## [About this exercise]
Find "this 320×180 image." in the data, then restate the line it sits in and every later line word for word, ending with the last line.

Entries taken from a collection:
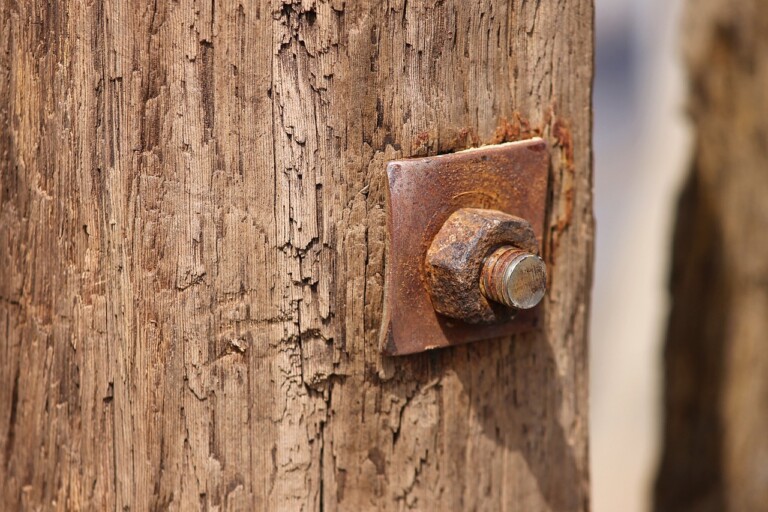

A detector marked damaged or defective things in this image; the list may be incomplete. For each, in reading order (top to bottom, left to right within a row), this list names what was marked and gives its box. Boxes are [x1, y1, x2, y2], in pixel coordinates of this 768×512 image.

rusty metal plate [376, 138, 544, 358]
rusty bolt [424, 206, 544, 322]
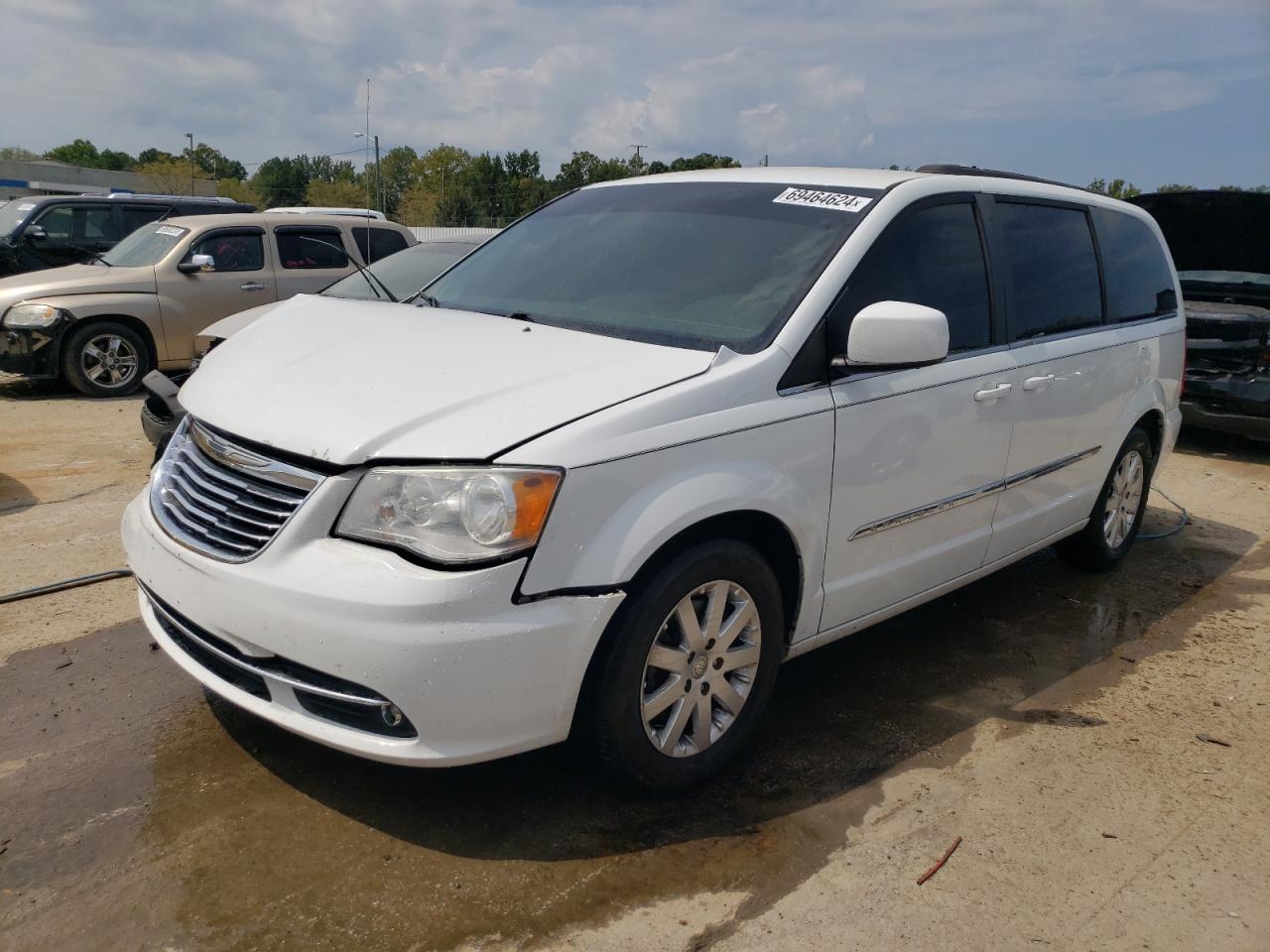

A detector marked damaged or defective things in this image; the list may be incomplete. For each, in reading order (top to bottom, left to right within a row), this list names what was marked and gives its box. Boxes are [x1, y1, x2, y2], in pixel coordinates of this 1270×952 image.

damaged vehicle [0, 212, 413, 395]
damaged vehicle [139, 233, 486, 450]
damaged vehicle [1127, 190, 1270, 442]
damaged vehicle [124, 168, 1183, 793]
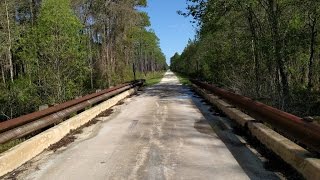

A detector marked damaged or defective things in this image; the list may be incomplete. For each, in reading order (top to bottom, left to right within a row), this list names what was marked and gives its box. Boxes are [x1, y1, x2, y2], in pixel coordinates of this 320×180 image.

rusty steel guardrail [0, 80, 144, 145]
rusty i-beam rail [0, 80, 144, 145]
rusty i-beam rail [191, 79, 320, 153]
rusty steel guardrail [191, 79, 320, 153]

## [Reply]
A detector marked damaged or defective things in this image; the list may be incomplete. For each, in reading order (top to bottom, left to right within a row), this list names what was marked and gives its box. Boxes are [x1, y1, x2, y2], in pixel coordinates of this 320×180 image.

rusty steel guardrail [0, 80, 144, 145]
rusty i-beam rail [0, 80, 144, 145]
rusty i-beam rail [191, 79, 320, 153]
rusty steel guardrail [191, 79, 320, 153]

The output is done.